### Supplied material
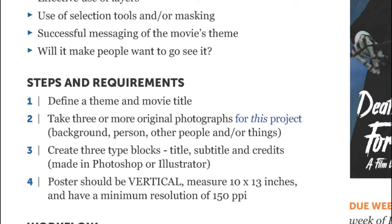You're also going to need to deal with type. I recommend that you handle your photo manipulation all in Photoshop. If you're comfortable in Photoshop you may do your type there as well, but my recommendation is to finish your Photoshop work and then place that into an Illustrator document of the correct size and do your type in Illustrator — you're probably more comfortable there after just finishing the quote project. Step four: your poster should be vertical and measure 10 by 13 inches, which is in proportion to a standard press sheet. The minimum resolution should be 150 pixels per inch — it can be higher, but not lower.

* * *

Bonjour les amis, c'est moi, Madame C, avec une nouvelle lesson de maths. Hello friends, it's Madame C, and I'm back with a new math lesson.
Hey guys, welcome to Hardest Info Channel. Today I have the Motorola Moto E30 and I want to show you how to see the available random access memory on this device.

---

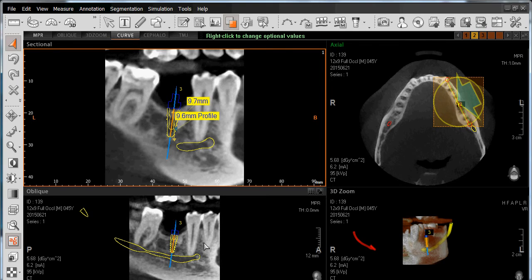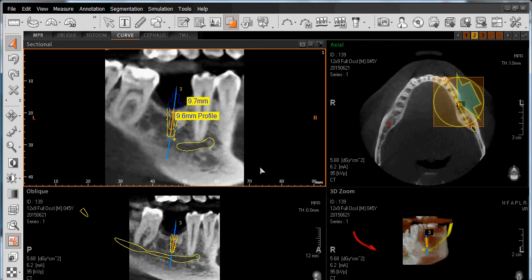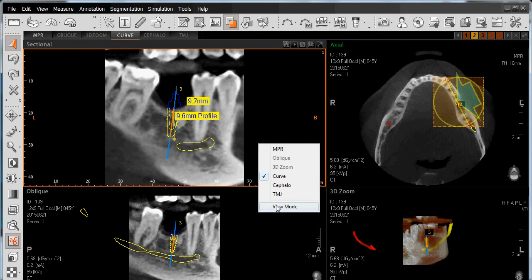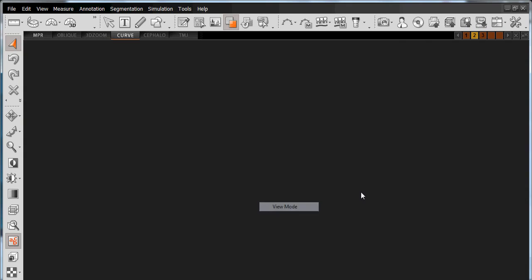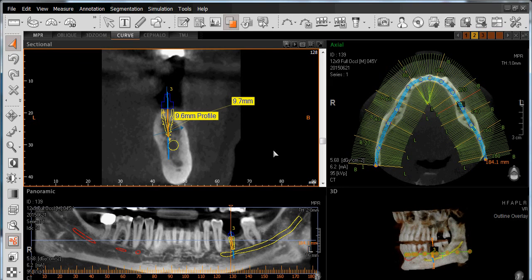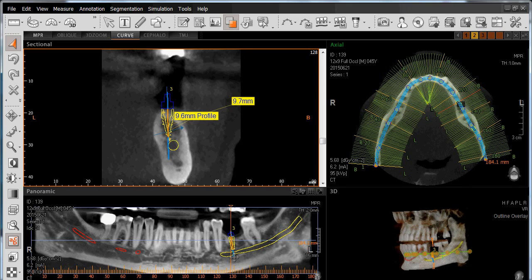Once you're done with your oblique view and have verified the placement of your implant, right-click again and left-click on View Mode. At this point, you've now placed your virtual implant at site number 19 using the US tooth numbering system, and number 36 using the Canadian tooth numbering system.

### Your goal
Among the entries above, copy exactly only the lines starting with the one containing "Bonjour les amis, c'est" and going through the one containing "Hey guys, welcome", both ends included.

### Task result
Bonjour les amis, c'est moi, Madame C, avec une nouvelle lesson de maths. Hello friends, it's Madame C, and I'm back with a new math lesson.
Hey guys, welcome to Hardest Info Channel. Today I have the Motorola Moto E30 and I want to show you how to see the available random access memory on this device.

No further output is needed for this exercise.